• **Exercise directions**
Give the data again in full. Keep every line the same.

• **Material shown**
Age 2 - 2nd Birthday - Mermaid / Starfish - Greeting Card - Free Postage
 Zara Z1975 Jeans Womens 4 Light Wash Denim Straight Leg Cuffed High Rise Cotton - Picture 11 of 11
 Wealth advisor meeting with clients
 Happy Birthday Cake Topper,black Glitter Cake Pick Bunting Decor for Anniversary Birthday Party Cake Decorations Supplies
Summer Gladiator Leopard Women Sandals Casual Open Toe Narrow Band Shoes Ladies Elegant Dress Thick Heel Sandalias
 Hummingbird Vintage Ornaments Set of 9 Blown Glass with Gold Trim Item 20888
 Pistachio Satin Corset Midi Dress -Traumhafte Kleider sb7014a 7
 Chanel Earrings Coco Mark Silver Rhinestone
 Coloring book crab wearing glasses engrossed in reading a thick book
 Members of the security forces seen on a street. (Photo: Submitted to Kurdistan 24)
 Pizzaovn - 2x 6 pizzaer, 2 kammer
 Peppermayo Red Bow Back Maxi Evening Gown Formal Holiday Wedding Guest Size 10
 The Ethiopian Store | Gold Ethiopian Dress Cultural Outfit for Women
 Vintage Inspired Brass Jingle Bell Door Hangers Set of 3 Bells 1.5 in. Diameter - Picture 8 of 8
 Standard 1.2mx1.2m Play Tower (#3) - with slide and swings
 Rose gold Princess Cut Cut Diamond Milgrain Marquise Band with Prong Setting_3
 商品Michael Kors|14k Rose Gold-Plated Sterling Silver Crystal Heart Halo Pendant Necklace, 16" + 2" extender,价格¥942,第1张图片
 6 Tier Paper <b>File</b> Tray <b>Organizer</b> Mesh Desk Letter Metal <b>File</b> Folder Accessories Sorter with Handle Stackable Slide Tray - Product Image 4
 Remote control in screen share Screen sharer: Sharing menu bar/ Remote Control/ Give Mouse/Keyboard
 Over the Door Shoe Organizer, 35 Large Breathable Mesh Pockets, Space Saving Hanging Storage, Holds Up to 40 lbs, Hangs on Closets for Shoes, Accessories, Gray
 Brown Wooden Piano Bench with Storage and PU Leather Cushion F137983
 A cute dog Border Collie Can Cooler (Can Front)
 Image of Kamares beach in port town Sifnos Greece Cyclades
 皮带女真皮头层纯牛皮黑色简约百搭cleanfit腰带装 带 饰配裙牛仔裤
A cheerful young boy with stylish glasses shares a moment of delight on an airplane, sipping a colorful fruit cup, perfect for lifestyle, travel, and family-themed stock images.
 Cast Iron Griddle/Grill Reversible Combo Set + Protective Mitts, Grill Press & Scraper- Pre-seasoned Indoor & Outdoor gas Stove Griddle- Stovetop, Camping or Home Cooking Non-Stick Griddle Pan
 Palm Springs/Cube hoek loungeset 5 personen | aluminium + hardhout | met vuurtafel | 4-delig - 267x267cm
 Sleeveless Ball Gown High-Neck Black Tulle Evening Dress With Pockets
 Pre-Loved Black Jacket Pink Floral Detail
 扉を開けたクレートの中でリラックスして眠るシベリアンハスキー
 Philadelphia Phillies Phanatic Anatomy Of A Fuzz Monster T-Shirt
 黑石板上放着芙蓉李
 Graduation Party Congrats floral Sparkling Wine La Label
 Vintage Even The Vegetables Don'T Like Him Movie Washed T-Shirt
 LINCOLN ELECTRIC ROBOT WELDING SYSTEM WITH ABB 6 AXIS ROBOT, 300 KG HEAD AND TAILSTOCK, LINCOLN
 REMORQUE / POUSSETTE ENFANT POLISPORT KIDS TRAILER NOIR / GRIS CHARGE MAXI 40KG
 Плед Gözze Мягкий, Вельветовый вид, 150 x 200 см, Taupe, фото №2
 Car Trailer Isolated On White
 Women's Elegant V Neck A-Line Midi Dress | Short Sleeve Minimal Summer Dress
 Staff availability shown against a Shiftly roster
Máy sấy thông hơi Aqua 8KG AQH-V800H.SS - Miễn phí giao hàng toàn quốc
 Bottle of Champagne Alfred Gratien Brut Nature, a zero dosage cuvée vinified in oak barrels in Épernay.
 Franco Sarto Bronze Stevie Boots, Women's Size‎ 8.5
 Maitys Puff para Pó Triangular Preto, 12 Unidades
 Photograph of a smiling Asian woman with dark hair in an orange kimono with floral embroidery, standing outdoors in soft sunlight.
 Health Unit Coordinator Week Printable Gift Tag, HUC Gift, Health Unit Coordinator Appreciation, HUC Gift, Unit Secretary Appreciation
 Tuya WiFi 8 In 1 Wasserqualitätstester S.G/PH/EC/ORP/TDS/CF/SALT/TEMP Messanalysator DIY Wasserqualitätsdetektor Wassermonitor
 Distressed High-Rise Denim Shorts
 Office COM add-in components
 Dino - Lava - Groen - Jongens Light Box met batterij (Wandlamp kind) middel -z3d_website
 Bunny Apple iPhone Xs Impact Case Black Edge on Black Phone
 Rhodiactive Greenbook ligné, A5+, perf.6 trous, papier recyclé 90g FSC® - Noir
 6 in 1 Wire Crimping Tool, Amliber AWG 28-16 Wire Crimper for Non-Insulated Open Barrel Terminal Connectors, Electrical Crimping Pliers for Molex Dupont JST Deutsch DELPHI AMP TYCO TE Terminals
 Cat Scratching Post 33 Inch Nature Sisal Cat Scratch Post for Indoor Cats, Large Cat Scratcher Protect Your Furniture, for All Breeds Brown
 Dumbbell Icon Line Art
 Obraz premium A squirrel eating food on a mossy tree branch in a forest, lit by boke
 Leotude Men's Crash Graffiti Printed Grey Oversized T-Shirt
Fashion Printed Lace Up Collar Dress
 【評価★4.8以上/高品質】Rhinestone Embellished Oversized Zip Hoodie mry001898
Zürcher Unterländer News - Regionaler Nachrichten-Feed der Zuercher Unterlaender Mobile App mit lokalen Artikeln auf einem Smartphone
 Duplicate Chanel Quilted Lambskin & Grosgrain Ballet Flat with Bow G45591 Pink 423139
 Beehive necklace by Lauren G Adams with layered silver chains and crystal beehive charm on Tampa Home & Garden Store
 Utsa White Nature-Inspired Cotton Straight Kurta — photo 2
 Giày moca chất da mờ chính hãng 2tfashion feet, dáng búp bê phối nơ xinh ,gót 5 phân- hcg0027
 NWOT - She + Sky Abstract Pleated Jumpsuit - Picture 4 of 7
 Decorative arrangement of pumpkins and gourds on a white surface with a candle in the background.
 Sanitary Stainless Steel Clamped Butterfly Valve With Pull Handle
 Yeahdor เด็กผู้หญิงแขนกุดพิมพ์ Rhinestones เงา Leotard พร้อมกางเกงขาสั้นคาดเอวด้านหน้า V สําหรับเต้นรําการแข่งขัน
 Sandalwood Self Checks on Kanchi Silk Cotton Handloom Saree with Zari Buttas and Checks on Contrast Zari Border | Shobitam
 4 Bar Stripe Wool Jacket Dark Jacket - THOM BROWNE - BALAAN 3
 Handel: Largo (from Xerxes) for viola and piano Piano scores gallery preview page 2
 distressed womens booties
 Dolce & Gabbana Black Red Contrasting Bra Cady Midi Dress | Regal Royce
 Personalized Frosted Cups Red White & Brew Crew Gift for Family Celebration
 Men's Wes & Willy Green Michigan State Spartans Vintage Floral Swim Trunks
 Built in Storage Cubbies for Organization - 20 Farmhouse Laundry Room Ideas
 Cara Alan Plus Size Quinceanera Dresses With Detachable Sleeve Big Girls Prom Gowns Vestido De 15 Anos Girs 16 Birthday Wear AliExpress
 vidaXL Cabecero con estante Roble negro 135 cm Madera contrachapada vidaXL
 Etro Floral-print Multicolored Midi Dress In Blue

• **Response area**
Age 2 - 2nd Birthday - Mermaid / Starfish - Greeting Card - Free Postage
 Zara Z1975 Jeans Womens 4 Light Wash Denim Straight Leg Cuffed High Rise Cotton - Picture 11 of 11
 Wealth advisor meeting with clients
 Happy Birthday Cake Topper,black Glitter Cake Pick Bunting Decor for Anniversary Birthday Party Cake Decorations Supplies
Summer Gladiator Leopard Women Sandals Casual Open Toe Narrow Band Shoes Ladies Elegant Dress Thick Heel Sandalias
 Hummingbird Vintage Ornaments Set of 9 Blown Glass with Gold Trim Item 20888
 Pistachio Satin Corset Midi Dress -Traumhafte Kleider sb7014a 7
 Chanel Earrings Coco Mark Silver Rhinestone
 Coloring book crab wearing glasses engrossed in reading a thick book
 Members of the security forces seen on a street. (Photo: Submitted to Kurdistan 24)
 Pizzaovn - 2x 6 pizzaer, 2 kammer
 Peppermayo Red Bow Back Maxi Evening Gown Formal Holiday Wedding Guest Size 10
 The Ethiopian Store | Gold Ethiopian Dress Cultural Outfit for Women
 Vintage Inspired Brass Jingle Bell Door Hangers Set of 3 Bells 1.5 in. Diameter - Picture 8 of 8
 Standard 1.2mx1.2m Play Tower (#3) - with slide and swings
 Rose gold Princess Cut Cut Diamond Milgrain Marquise Band with Prong Setting_3
 商品Michael Kors|14k Rose Gold-Plated Sterling Silver Crystal Heart Halo Pendant Necklace, 16" + 2" extender,价格¥942,第1张图片
 6 Tier Paper <b>File</b> Tray <b>Organizer</b> Mesh Desk Letter Metal <b>File</b> Folder Accessories Sorter with Handle Stackable Slide Tray - Product Image 4
 Remote control in screen share Screen sharer: Sharing menu bar/ Remote Control/ Give Mouse/Keyboard
 Over the Door Shoe Organizer, 35 Large Breathable Mesh Pockets, Space Saving Hanging Storage, Holds Up to 40 lbs, Hangs on Closets for Shoes, Accessories, Gray
 Brown Wooden Piano Bench with Storage and PU Leather Cushion F137983
 A cute dog Border Collie Can Cooler (Can Front)
 Image of Kamares beach in port town Sifnos Greece Cyclades
 皮带女真皮头层纯牛皮黑色简约百搭cleanfit腰带装 带 饰配裙牛仔裤
A cheerful young boy with stylish glasses shares a moment of delight on an airplane, sipping a colorful fruit cup, perfect for lifestyle, travel, and family-themed stock images.
 Cast Iron Griddle/Grill Reversible Combo Set + Protective Mitts, Grill Press & Scraper- Pre-seasoned Indoor & Outdoor gas Stove Griddle- Stovetop, Camping or Home Cooking Non-Stick Griddle Pan
 Palm Springs/Cube hoek loungeset 5 personen | aluminium + hardhout | met vuurtafel | 4-delig - 267x267cm
 Sleeveless Ball Gown High-Neck Black Tulle Evening Dress With Pockets
 Pre-Loved Black Jacket Pink Floral Detail
 扉を開けたクレートの中でリラックスして眠るシベリアンハスキー
 Philadelphia Phillies Phanatic Anatomy Of A Fuzz Monster T-Shirt
 黑石板上放着芙蓉李
 Graduation Party Congrats floral Sparkling Wine La Label
 Vintage Even The Vegetables Don'T Like Him Movie Washed T-Shirt
 LINCOLN ELECTRIC ROBOT WELDING SYSTEM WITH ABB 6 AXIS ROBOT, 300 KG HEAD AND TAILSTOCK, LINCOLN
 REMORQUE / POUSSETTE ENFANT POLISPORT KIDS TRAILER NOIR / GRIS CHARGE MAXI 40KG
 Плед Gözze Мягкий, Вельветовый вид, 150 x 200 см, Taupe, фото №2
 Car Trailer Isolated On White
 Women's Elegant V Neck A-Line Midi Dress | Short Sleeve Minimal Summer Dress
 Staff availability shown against a Shiftly roster
Máy sấy thông hơi Aqua 8KG AQH-V800H.SS - Miễn phí giao hàng toàn quốc
 Bottle of Champagne Alfred Gratien Brut Nature, a zero dosage cuvée vinified in oak barrels in Épernay.
 Franco Sarto Bronze Stevie Boots, Women's Size‎ 8.5
 Maitys Puff para Pó Triangular Preto, 12 Unidades
 Photograph of a smiling Asian woman with dark hair in an orange kimono with floral embroidery, standing outdoors in soft sunlight.
 Health Unit Coordinator Week Printable Gift Tag, HUC Gift, Health Unit Coordinator Appreciation, HUC Gift, Unit Secretary Appreciation
 Tuya WiFi 8 In 1 Wasserqualitätstester S.G/PH/EC/ORP/TDS/CF/SALT/TEMP Messanalysator DIY Wasserqualitätsdetektor Wassermonitor
 Distressed High-Rise Denim Shorts
 Office COM add-in components
 Dino - Lava - Groen - Jongens Light Box met batterij (Wandlamp kind) middel -z3d_website
 Bunny Apple iPhone Xs Impact Case Black Edge on Black Phone
 Rhodiactive Greenbook ligné, A5+, perf.6 trous, papier recyclé 90g FSC® - Noir
 6 in 1 Wire Crimping Tool, Amliber AWG 28-16 Wire Crimper for Non-Insulated Open Barrel Terminal Connectors, Electrical Crimping Pliers for Molex Dupont JST Deutsch DELPHI AMP TYCO TE Terminals
 Cat Scratching Post 33 Inch Nature Sisal Cat Scratch Post for Indoor Cats, Large Cat Scratcher Protect Your Furniture, for All Breeds Brown
 Dumbbell Icon Line Art
 Obraz premium A squirrel eating food on a mossy tree branch in a forest, lit by boke
 Leotude Men's Crash Graffiti Printed Grey Oversized T-Shirt
Fashion Printed Lace Up Collar Dress
 【評価★4.8以上/高品質】Rhinestone Embellished Oversized Zip Hoodie mry001898
Zürcher Unterländer News - Regionaler Nachrichten-Feed der Zuercher Unterlaender Mobile App mit lokalen Artikeln auf einem Smartphone
 Duplicate Chanel Quilted Lambskin & Grosgrain Ballet Flat with Bow G45591 Pink 423139
 Beehive necklace by Lauren G Adams with layered silver chains and crystal beehive charm on Tampa Home & Garden Store
 Utsa White Nature-Inspired Cotton Straight Kurta — photo 2
 Giày moca chất da mờ chính hãng 2tfashion feet, dáng búp bê phối nơ xinh ,gót 5 phân- hcg0027
 NWOT - She + Sky Abstract Pleated Jumpsuit - Picture 4 of 7
 Decorative arrangement of pumpkins and gourds on a white surface with a candle in the background.
 Sanitary Stainless Steel Clamped Butterfly Valve With Pull Handle
 Yeahdor เด็กผู้หญิงแขนกุดพิมพ์ Rhinestones เงา Leotard พร้อมกางเกงขาสั้นคาดเอวด้านหน้า V สําหรับเต้นรําการแข่งขัน
 Sandalwood Self Checks on Kanchi Silk Cotton Handloom Saree with Zari Buttas and Checks on Contrast Zari Border | Shobitam
 4 Bar Stripe Wool Jacket Dark Jacket - THOM BROWNE - BALAAN 3
 Handel: Largo (from Xerxes) for viola and piano Piano scores gallery preview page 2
 distressed womens booties
 Dolce & Gabbana Black Red Contrasting Bra Cady Midi Dress | Regal Royce
 Personalized Frosted Cups Red White & Brew Crew Gift for Family Celebration
 Men's Wes & Willy Green Michigan State Spartans Vintage Floral Swim Trunks
 Built in Storage Cubbies for Organization - 20 Farmhouse Laundry Room Ideas
 Cara Alan Plus Size Quinceanera Dresses With Detachable Sleeve Big Girls Prom Gowns Vestido De 15 Anos Girs 16 Birthday Wear AliExpress
 vidaXL Cabecero con estante Roble negro 135 cm Madera contrachapada vidaXL
 Etro Floral-print Multicolored Midi Dress In Blue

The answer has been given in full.